Ik hecht er aan u te melden dat CoronaMelder zeer beperkt persoonsgegevens bevat en
verwerkt en dat deze gegevens slechts zeer beperkt herleidbaar tot personen zijn.
CoronaMelder is bovendien ontworpen met «privacy by design» als uitgangspunt. Er worden
zo weinig mogelijk persoonsgegevens verwerkt, gegevens zijn zeer beperkt herleidbaar
en worden zo kort mogelijk bewaard. CoronaMelder maakt elk kwartier willekeurige codes
aan en deze willekeurige codes worden uitgewisseld en opgeslagen op de telefoon. Wanneer
iemand besmet blijkt, zal deze persoon deze codes, na uitwisseling van een validatiecode
met de GGD, uploaden naar een centrale server. Op het moment van het uploaden van
de aangemaakte willekeurige codes van een besmette persoon naar de centrale server,
zal voor korte tijd het IP-adres bekend zijn. Dit is nodig voor de werking van internetverkeer.
Dit IP-adres kan onder omstandigheden gezien worden als een herleidbaar gegeven.

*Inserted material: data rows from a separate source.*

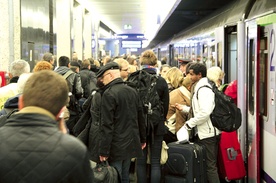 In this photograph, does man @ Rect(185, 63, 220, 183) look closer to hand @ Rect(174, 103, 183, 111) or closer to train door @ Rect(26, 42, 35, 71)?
hand @ Rect(174, 103, 183, 111)

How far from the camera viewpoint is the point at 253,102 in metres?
5.30

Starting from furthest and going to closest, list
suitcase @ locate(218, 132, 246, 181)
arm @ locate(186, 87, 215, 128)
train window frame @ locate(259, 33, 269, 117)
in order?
suitcase @ locate(218, 132, 246, 181)
arm @ locate(186, 87, 215, 128)
train window frame @ locate(259, 33, 269, 117)

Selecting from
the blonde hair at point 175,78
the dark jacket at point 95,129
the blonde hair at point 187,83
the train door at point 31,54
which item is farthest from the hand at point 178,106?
the train door at point 31,54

Bij
aankomst op de server wordt het IP-adres afgevangen en niet samen opgeslagen van de
andere gegevens. Het IP-adres wordt enkel bewaard voor beveiligingsdoeleinden en na
maximaal 7 dagen vernietigd. Met het oog op maximale zorgvuldigheid behandel ik alle
gegevens van CoronaMelder alsof het persoonsgegevens zijn.
Tests en checks
Bij de ontwikkeling van CoronaMelder heb ik een aantal randvoorwaarden gesteld waar
ik geen concessies aan doe. Het gaat hierbij om waarborgen voor privacy, informatieveiligheid,
grondrechten, nationale veiligheid en toegankelijkheid en vrijwillig gebruik. Dit
heb ik vertaald in eisen zoals «het niet herleidbaar zijn van informatie naar een
persoon», «de app moet makkelijk en veilig te downloaden zijn», er is «geen centrale
opslag van persoons- of locatiegegevens». Ook heb ik als eis opgenomen dat de app
«open source» moet zijn. (Zie onder andere mijn brieven van 15 april en 21 april8).
Om te borgen dat CoronaMelder aan alle eisen voldoet, wordt de app zorgvuldig getest
voor, tijdens en na de introductie. Zo test ik bijvoorbeeld of CoronaMelder gebruiksvriendelijk
is, voldoet aan privacywetgeving en of informatieveiligheid en nationale veiligheidsrisico’s
voldoende zijn afgedekt. Eerder informeerde ik u al over een belangrijk deel van deze
testen en adviezen9. Hieronder vindt u de resultaten van een aantal afrondende tests die ik uit heb laten
voeren.
Informatieveiligheid
Er vinden continu onderzoeken plaats naar de informatieveiligheid van CoronaMelder
en deze zullen ook na introductie doorlopen. De huidige onderzoeken hebben tot op
heden geen blokkerende issues aan het licht gebracht. Wat wel is geconstateerd is
opgelost of zal nog worden opgelost. Rapportages van dergelijke onderzoeken zal ik,
ook na introductie van CoronaMelder, openbaar blijven maken.
De afgelopen weken hebben daarnaast ook Apple en Google hun broncode vrij gegeven.
De Europese Commissie laat namens de lidstaten onderzoek uitvoeren naar deze broncode,
waar CoronaMelder ook gebruik van maakt. Daarnaast geeft het vrijgeven van de broncode
de zogenaamde «community» van vrijwilligers de gelegenheid om de broncode te toetsen
en waar nodig voorstellen te doen voor verbetering. Daarnaast wordt voortdurend op
nationaal en Europees niveau overleg gevoerd met Apple en Google om de werking van
de app én de waarborgen voor de privacy te borgen.
Grootschalige veldtest
In de periode van 8 tot en met 13 juli is in Twente een veldtest uitgevoerd. In mijn
brief van 16 juli heb ik u de eerste beelden van de test al gegeven. Dit betrof een
onderzoek onder 1.500 mensen uit de regio Twente. Daarnaast hebben 500 mensen uit
heel Nederland meegedaan. Zij hebben CoronaMelder een aantal dagen getest in de normale
thuissituatie en op de eigen telefoon. Het bijgevoegde onderzoeksrapport beschrijft
de resultaten van de gebruikerstesten met de app10.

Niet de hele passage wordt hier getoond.